In 1809 his brother made over Downton Castle to him, and he thus had the management of an estate of ten thousand acres. In 1827 he entertained there, much to his satisfaction, the French physiologist, Dutrochet. In November of the same year he lost his only son, who was accidentally shot when in his thirty-second year. In 1836 he was awarded the first Knightian medal of the Horticultural Society, bearing his own portrait, by Wyon, and founded in his honour. Knight died in London on 11 May 1838, and was buried at Wormesley. He married in 1791 Frances, daughter of Humphrey Felton of Woodhall, near Shrewsbury.
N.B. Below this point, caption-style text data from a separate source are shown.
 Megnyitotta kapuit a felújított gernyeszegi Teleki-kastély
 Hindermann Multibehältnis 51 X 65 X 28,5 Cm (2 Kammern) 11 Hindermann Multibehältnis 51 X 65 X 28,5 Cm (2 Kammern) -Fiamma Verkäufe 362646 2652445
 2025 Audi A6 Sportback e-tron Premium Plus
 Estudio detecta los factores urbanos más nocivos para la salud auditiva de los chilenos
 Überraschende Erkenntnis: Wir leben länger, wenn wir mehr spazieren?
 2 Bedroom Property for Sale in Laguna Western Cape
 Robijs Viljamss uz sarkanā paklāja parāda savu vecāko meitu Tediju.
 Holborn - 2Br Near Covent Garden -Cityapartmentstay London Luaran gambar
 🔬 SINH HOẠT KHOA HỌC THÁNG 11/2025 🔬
She survived him with three daughters, of whom Frances (b. 1793), a skilful botanical draughtswoman, who shared in his experiments, was married to Thomas Pendarves Stackhouse Acton (d. 1881); the second daughter married Sir William Rouse Boughton; and the third, Francis Walpole.
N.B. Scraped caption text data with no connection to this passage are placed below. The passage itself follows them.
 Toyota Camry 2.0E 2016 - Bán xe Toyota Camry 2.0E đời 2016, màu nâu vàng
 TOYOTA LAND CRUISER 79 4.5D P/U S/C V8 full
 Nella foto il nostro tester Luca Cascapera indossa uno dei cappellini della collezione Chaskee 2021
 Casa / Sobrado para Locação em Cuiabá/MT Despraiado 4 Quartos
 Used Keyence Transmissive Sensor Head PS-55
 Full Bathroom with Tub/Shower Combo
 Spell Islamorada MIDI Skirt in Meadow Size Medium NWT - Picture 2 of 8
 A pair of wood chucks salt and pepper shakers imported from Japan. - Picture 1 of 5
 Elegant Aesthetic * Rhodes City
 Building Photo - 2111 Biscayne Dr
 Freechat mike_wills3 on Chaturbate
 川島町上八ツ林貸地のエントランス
Knight raised new varieties of apples, cherries, strawberries, plums, nectarines, pears, potatoes, cabbages, and peas, many of which bear his name; and a genus of Proteaceæ was called Knightia by Robert Brown. Though he will always be associated with certain purely physiological experiments, such as those on the influence of gravitation upon direction of growth, his main object was always utilitarian. His chief independent works were ‘A Treatise on the Culture of the Apple and Pear, and on the Manufacture of Cider and Perry,’ 8vo, 1797, 2nd edition 1801, 3rd 1808; and ‘Pomona Herefordiensis,’ 4to, 1811, with thirty coloured plates; but he was also the author of upwards of a hundred papers. Of these, one ‘On the Aphis and Blights on Fruit Trees,’ and another ‘On the Fecundation of Vegetables,’ are in Alexander Hunter's ‘Georgical Essays,’ vols. iv. and vi. 1803–4; while another, ‘On Blight,’ is in the ‘Pamphleteer,’ vol. iv. 1813. In 1841 was published ‘A Selection from the Physiological and Horticultural Papers published in the Transactions of the Royal and Horticultural Societies by the late Thomas Andrew Knight, to which is prefixed a Sketch of his Life.’ This volume was edited by George Bentham and John Lindley, the life being apparently by Mrs. Acton. It contains a lithographed portrait, and comprises eighty-two papers, sixty-three read before the Horticultural Society, together with fifteen on plants, and four, dealing with bees, and the influence of male and female parents on their offspring and hereditary instincts (dated 25 May 1837), which were presented to the Royal Society. The horticultural series treat, among other subjects, of sap, buds, germination, bark, roots, tendrils, early varieties, forcing-houses, layering, manure, ringing, mildew, and the supposed change of English climate. Only forty-six of his papers are enumerated in the Royal Society's ‘Catalogue’ (iii. 687–8), but it includes one ‘On Variegation’ from the Linnean ‘Transactions’ (vol. ix. 1808), one ‘On the Direction of the Radicle and Germen,’ from the Royal Institution ‘Journal’ (vol. ii. 1831), and fourteen others not included in the volume of 1841.
[Life prefixed to selection of papers, 1841; Athenæum, 1838, p. 358; Gent. Mag. 1838, ii. 99; Gardeners' Chronicle, 1841 p. 351, 1871 i. 169; Gardeners' Magazine, xiv. 303.]